LONDON (Reuters) - Britain's spies are not knowingly carrying out illegal mass surveillance of the country's citizens but laws governing their powers to intercept private communications need a massive overhaul, an independent assessment concluded on Tuesday.
The Independent Surveillance Review (ISR) was commissioned by Nick Clegg, former deputy prime minister in the previous coalition government, to examine allegations by former U.S. security agency contractor Edward Snowden that British and U.S. spies were conducting vast monitoring programmes.
"We have seen no evidence that the British government knowingly acts illegally in intercepting private communications or that the ability to collect data in bulk is used by the government to provide it with a perpetual window into the private lives of British citizens," the ISR concluded.
"On the other hand, we have seen evidence that the present legal framework authorising the interception of communications is unclear, has not kept pace with developments in communications technology, and does not serve either the government or members of the public satisfactorily."
The ISR, whose members included former heads of Britain's three spy agencies MI5, MI6 and GCHQ, is the third major UK investigation into the surveillance work of the security services since Snowden's 2013 revelations.
All have cleared the spies of any wrongdoing, but equally all said the laws governing their surveillance work needed to be made clearer. Last month, Britain's independent reviewer of anti-terrorism laws called the current framework fragmented, undemocratic and "in the long run intolerable".
Prime Minister David Cameron's government has promised to legislate to extend the powers of police and security agencies to monitor Britons' communications and web activities in what opponents have dubbed a "snoopers' charter," arguing technological changes had diminished their capabilities.
Campaigners and civil rights groups have said Snowden's disclosures about mass surveillance showed the authorities were trampling over people's entitlement to privacy.
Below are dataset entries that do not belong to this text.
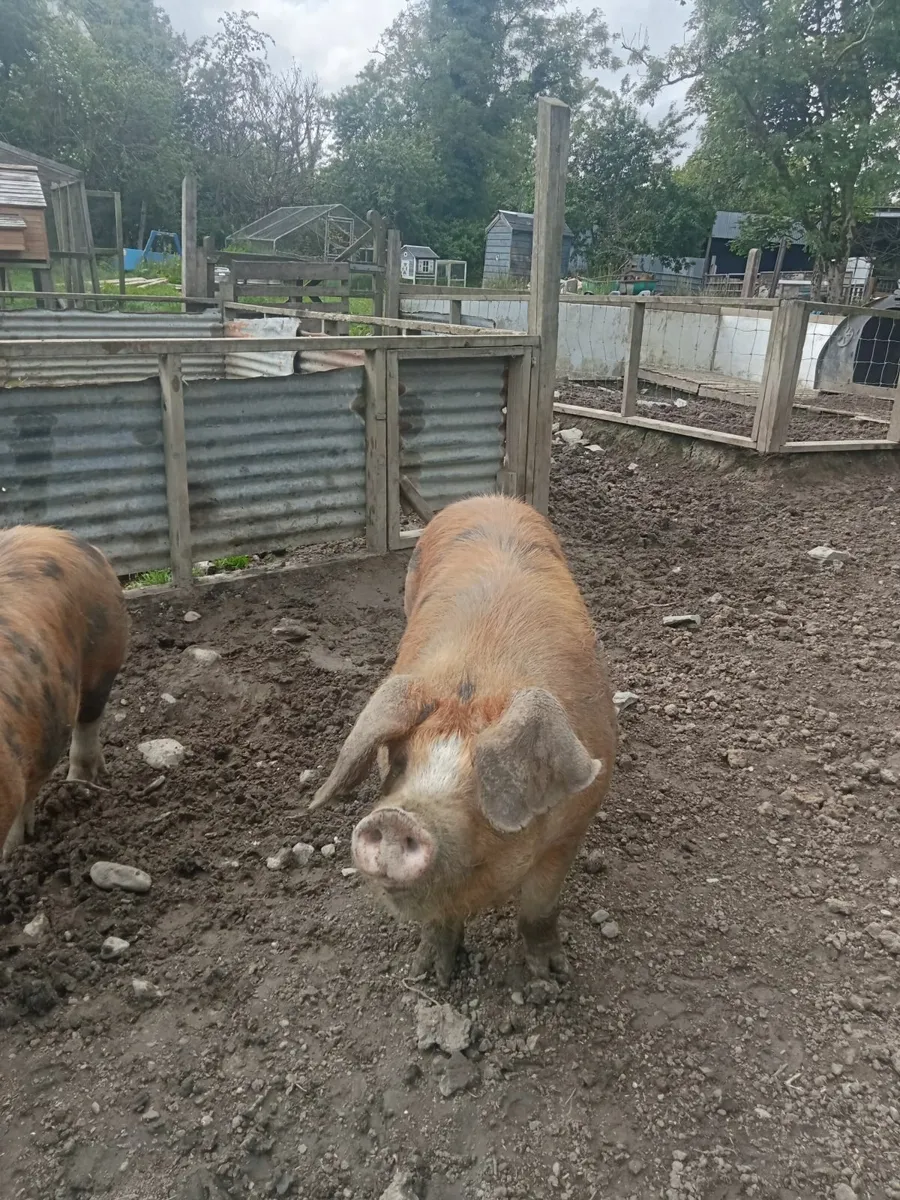 Oxford Sandy Black Boar - Image 4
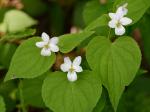 Viola canadensis L.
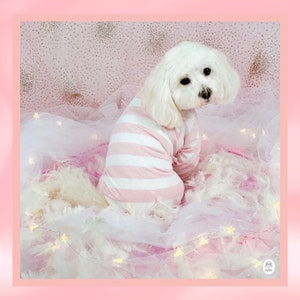 Miss Teddy sits down in the Pink & White Striped Onesie showing the back of the sweater.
The ISR said that to have the confidence of the public, there needed to be a clear system of oversight with a bigger role for senior judges. Any new law should have to pass 10 tests, such as proportionality and transparency, before being agreed, it added.
David Omand, the former head of eavesdropping agency GCHQ, said "the cloud of unjustified suspicion" should now be lifted from the intelligence services, adding the report's findings could allow Britain to lead the world by showing how it was possible to have security, privacy and freedom of speech.